This study was approved by the Research Ethics Committee at the University of Waterloo and was carried out in compliance with the tenets of the Declaration of Helsinki. Healthy subjects (n = 10), aged 20 to 45 years, were recruited for this study. All subjects passed a slit-lamp biomicroscopy screening and provided written consent for participation in the study. During the OCT imaging sessions, a head band and a fixation target were used to minimize the subject’s head and eye motion. Cross-sectional (1000 A-scans × 1024 pixels) and volumetric (750 A-scans × 750 B-scans x 1024 pixels) images were acquired from ~0.75 mm × 0.75 mm regions of the cornea, located slightly inferiorly with respect to the corneal apex in order to avoid direct reflection artefacts at the corneal apex. The acquisition time for a volumetric OCT image of 750 A-scans × 750 B-scans was ~2.8 s, taking into account the 80/20 raster scan ratio. Because of the limited depth-of-focus of the microscope objective, the OCT imaging probe was adjusted manually in axial direction to a specific depth location of the cornea and the reference path-length was adjusted accordingly. Multiple volumetric OCT images were acquired from different depth locations in the cornea from each of the subjects.

2.3 Image processing

Images were generated from the raw OCT data and numerically dispersion compensated up to the 5^th order with a custom MATLAB algorithm. A cross-correlation algorithm was applied to the 3D OCT images to compensate for eye motion. No additional image post-processing was used for the UHR-OCT images presented in this paper. The volumetric and enface images were generated from the 3D data sets with Amira (Amira Inc.)

2.4 In-vivo confocal microscopy (IVCM) and histology

IVCM images of the cornea were acquired from healthy subjects with the Heidelberg Retinal Tomograph III (HRT III), using the Rostock Cornea Module (Heidelberg, Germany). The size of the imaged area in the cornea was 400 µm × 400 µm. The instrument was set up according to standard techniques outlined in the manufacturer’s operation manual and described elsewhere [35,36]. A high viscosity gel, Tear-Gel, was applied to the front surface of the microscope lens, prior to mounting a new, sterile TomoCap. One drop of a topical anesthetic (0.5% proparacaine hydrochloride) was instilled into the participant’s eye prior to the imaging procedure. The HRT III system was aligned so that the TomoCap made slight contact with the cornea and the imaging probe was translated in axial direction to focus the imaging beam at different axial positions inside the cornea.

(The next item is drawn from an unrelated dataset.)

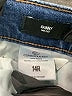 Express Blue Jeans Size 14 - photo 8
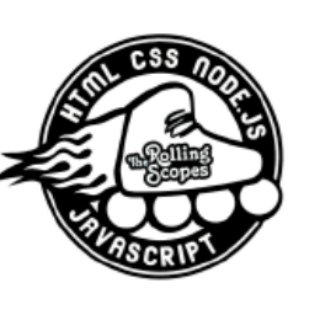 THE ROLLING SCOPES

Histological images were also acquired using the following protocol. Healthy corneas were harvested postmortem and after initial fixation in 10% neutral buffered formalin, the tissue was embedded in paraffin, serially sectioned into 5 µm thick sections, and stained with hematoxylin and eosin (H&E). Using standard immunohistochemical staining protocol, paraffin sections were also placed on charged slides and immunostained for GFAP (glial fibrillary acidic protein) to identify and assess the location and spatial distribution of corneal nerves. The histological slides were evaluated using a bright field microscope (Leica DM1000, ICC50 HD, Leica Microsystems Inc, Canada).

3. Results

3.1 System’s resolution and SNR

The performance of the UHR-OCT system was evaluated by measuring the system’s spatial resolution and SNR and the test results are presented in Fig. 2. Figure 2(A) shows the normalized reference arm (black line) and sample arm (red line) spectra measured at the detection end of the UHR-OCT system by using a silver mirror as the test sample. The overlap between the two spectra has a spectral bandwidth of ~140 nm and is centered at ~790 nm, thus corresponding to a free space theoretical axial resolution of 1.98 µm. The OCT axial PSF was measured experimentally by using a silver mirror as the test sample and the result is shown in Fig. 2(B). The black line PSF was measured only after coarse hardware dispersion compensation using the dispersion compensation unit (DC) in the reference arm. The red line PSF in Fig. 2(B) was generated after numerical dispersion compensation up to the 5^th order using a custom MATLAB based algorithm. The FWHM of the axial PSF was 2.1 µm in free space, which corresponds to ~1.5 µm in biological tissue, assuming an average refractive index of n = 1.38 and not taking into consideration any wavelength dependent local variations of the refractive index.

 

Fig. 2 Sample and reference arm spectra measured at the detection end of the SD-OCT system (A). Axial PSF measured in free space (B). Sensitivity roll-off (C). Image of an USAF target acquired with a 10x microscope objective (D). Magnified view of the USAF target marked with the blue square (E). Red and green lines show the intensity profiles of group 7, elements 6 and 7 of the USAF target image (F).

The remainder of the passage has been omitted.